§ Work required:
Find the lines in the records that carry the word "White". Copy each one.

§ Data shown:

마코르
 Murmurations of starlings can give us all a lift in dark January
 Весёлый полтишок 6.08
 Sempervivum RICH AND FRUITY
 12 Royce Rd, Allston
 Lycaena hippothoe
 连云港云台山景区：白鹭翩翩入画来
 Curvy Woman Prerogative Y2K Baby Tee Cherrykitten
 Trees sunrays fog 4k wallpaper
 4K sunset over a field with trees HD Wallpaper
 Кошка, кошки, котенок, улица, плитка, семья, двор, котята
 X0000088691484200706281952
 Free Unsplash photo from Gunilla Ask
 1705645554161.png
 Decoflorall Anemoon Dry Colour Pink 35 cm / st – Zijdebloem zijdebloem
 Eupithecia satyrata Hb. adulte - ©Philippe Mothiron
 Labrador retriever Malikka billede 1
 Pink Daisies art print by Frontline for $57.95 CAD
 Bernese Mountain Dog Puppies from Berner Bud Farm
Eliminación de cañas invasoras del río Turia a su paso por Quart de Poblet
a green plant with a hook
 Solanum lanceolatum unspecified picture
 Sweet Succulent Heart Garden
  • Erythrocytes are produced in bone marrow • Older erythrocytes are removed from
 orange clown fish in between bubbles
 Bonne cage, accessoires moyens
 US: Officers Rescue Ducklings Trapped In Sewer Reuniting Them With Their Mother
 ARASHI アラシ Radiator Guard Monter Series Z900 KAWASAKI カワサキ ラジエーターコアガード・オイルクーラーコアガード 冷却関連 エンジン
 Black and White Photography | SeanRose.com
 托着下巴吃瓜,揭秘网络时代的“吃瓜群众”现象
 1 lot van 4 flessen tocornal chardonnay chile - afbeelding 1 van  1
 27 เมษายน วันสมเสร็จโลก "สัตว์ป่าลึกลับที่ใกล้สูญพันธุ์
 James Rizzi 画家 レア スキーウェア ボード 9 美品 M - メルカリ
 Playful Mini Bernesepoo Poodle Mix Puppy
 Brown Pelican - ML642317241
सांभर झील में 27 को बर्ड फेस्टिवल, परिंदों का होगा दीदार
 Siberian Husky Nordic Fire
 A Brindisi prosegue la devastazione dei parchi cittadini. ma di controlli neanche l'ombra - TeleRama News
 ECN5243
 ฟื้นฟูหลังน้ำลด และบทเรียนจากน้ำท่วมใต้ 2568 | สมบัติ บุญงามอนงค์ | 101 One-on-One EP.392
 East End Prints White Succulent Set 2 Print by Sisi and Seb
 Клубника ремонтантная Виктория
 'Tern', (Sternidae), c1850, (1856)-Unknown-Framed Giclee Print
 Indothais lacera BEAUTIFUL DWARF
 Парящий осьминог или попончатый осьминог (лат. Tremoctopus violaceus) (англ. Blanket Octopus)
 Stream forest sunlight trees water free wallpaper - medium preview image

§ Solution to the problem:
 Black and White Photography | SeanRose.com
 East End Prints White Succulent Set 2 Print by Sisi and Seb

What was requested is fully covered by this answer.